Six months ago I got the home, for which I gave thanks two colyooms ago, so take a look: click here to read it
Around the same time a friend told me about a scheme that allowed me to pay retrospective contributions for a UK pension. I filled out the forms but doubted success, sure that my young hitching life was too peripatetic to qualify for any pension.
Fear is a powerful fuel, while the love of others offered me a whole heap of help.
I love being wrong. Like a rescue dog, I’m now in my forever home, and as of last week, after a rare miracle of bureaucratic efficiency, there’s the distinct possibility that I’ll qualify for an almost full UK pension.
I called the friend who encouraged me to apply for the scheme, and told him I will be forever grateful.
The vast majority of my life I have enjoyed swimming with the tide. From 2016 to 2024 that tide turned against me, and it was brutal.
Confession: I’ve been uncharacteristically nervous about hitting the right tone in this piece. Despite my fervent love for the passion of the First Draft with Capital Letters, there are rare colyooms such as this that leave your scribbler unable to whack it all down, as I usually do.

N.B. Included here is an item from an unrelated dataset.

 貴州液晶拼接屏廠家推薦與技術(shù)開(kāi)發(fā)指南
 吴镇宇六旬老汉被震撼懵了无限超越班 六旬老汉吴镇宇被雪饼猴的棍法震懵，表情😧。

The first draft is the soul of writing, all subsequent efforts being editing, and it is my duty to preserve the passion and power of that first draft as I improve my work.
However this piece has been the opposite of a first draft. My emotions are still so raw that I managed only a series of short jabs to the keyboard, over weeks, as I came to terms with the profundity of safety.
This is not me telling you what you should do.
This is not me telling you to look at what a mighty man I am.
This is neither practical advice nor philosophical guidance.
This is simply the story of a process.
It’s what happened to me.
You might like to know.
15 months ago I had neither a home nor a pension.
Life was not worth living.
Now I’m safe.
My tide turned.
©Charlie Adley
28.07.2025



2 comments:
Well done ..proud of your resilience and so happy the tide turned
Thanks so much, Anon. That means a lot.